> [EXERCISE]: Quote, exactly, the line holding "Vintage CSI: Las" and all lines after it to the end of the records below. Exclude pictures.

[Records from a collection]
--- --- ---

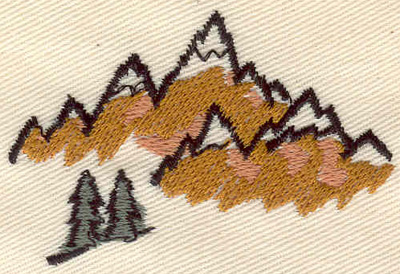 Embroidery Design: Mountains 2.43w X 1.60h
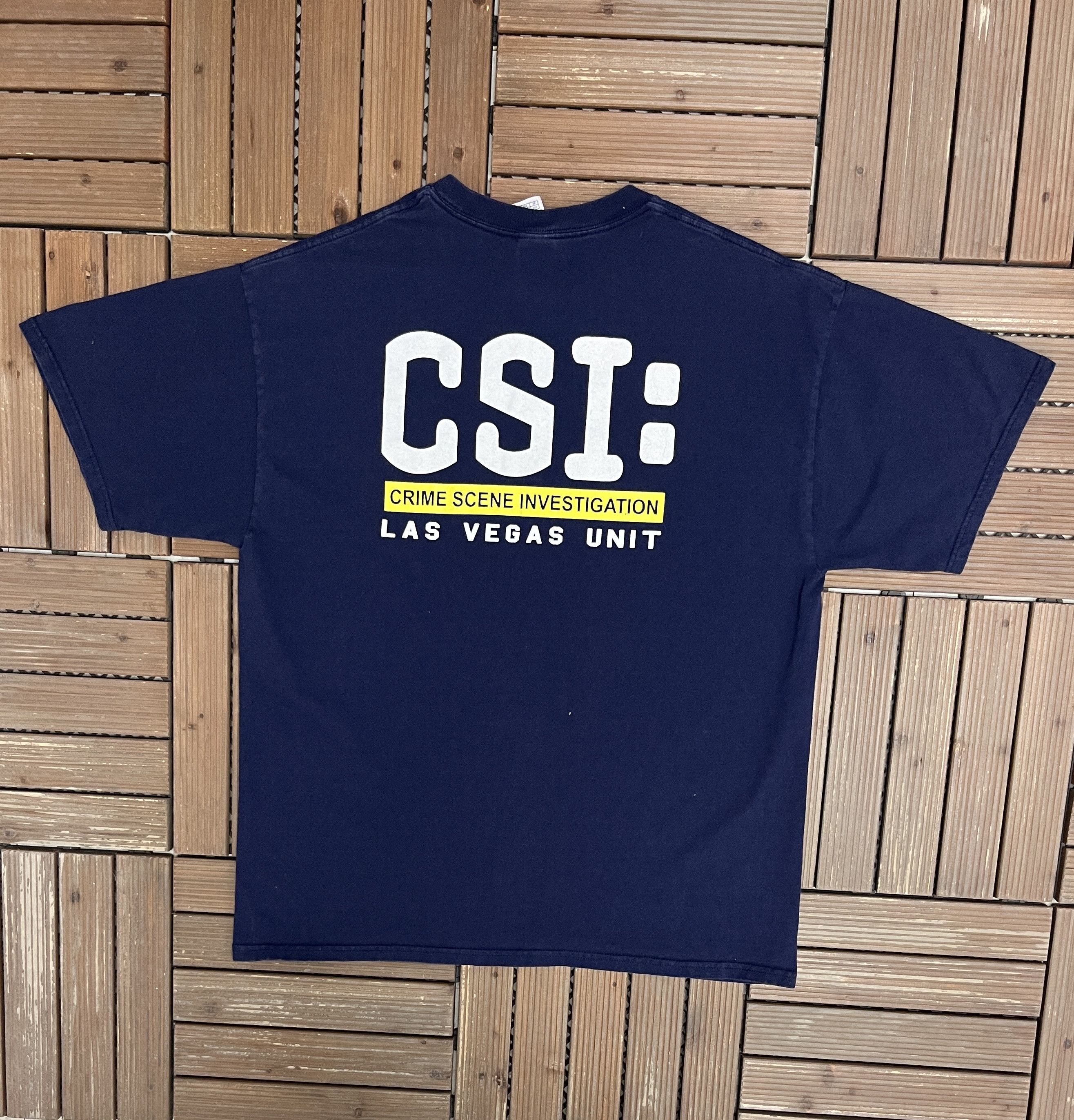 Vintage CSI: Las Vegas Unit Vintage Blue T-Shirt Tee Size US XL / EU 56 / 4 - 4 Thumbnail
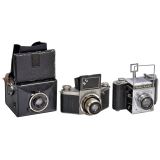 Mentor Compur Reflex, Exakta C and Reflex-Korelle III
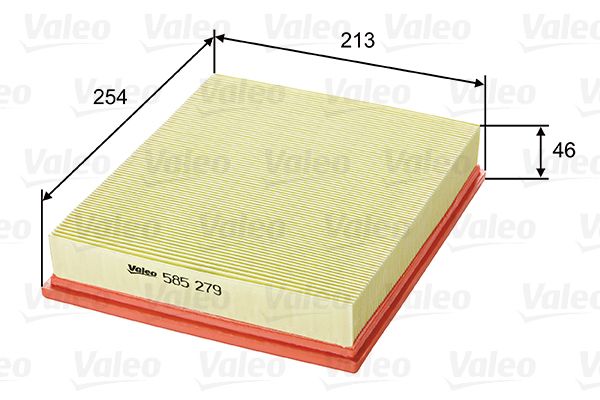 Air Filter VALEO 585279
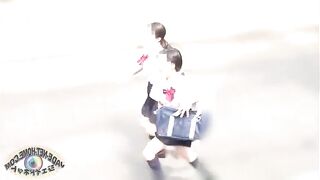 School girls can't stop peeing their panties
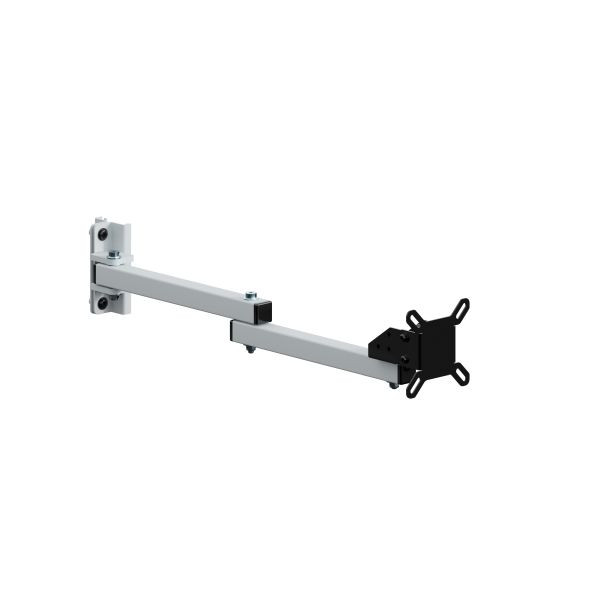 SOFAME zwenkarm voor max. 27 inch schermen, tweedelig lang B 290 mm, lichtgrijs RAL 7035, W010080314GC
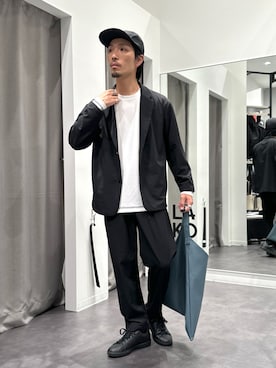 「LAKOLE（ラコレ）のアイテム（テーラードジャケット）」を使った、Yusukeさん（メンズ・173cm）の秋コーディネート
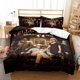 thumbnail image 1 of Retro Yellow-stone Fashion Bedding Set,Duvet Cover Bed Set Quilt Cover Pillowcase, Boys Girls Adult Bed Sheets, 1 of 5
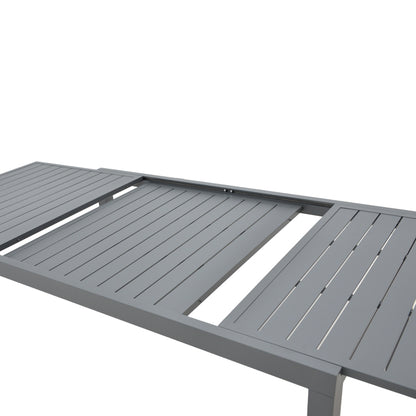 Extension table Lafla pakoworld aluminium dark grey 160-240x100x75cm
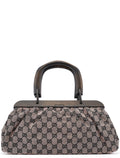 2002 Beige GG Wood Handle Doctor Bag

--- --- ---

> [REPLY TO THE TASK]:
 Vintage CSI: Las Vegas Unit Vintage Blue T-Shirt Tee Size US XL / EU 56 / 4 - 4 Thumbnail
 Mentor Compur Reflex, Exakta C and Reflex-Korelle III
 Air Filter VALEO 585279
 School girls can't stop peeing their panties
 SOFAME zwenkarm voor max. 27 inch schermen, tweedelig lang B 290 mm, lichtgrijs RAL 7035, W010080314GC
 「LAKOLE（ラコレ）のアイテム（テーラードジャケット）」を使った、Yusukeさん（メンズ・173cm）の秋コーディネート
 thumbnail image 1 of Retro Yellow-stone Fashion Bedding Set,Duvet Cover Bed Set Quilt Cover Pillowcase, Boys Girls Adult Bed Sheets, 1 of 5
 Extension table Lafla pakoworld aluminium dark grey 160-240x100x75cm
 2002 Beige GG Wood Handle Doctor Bag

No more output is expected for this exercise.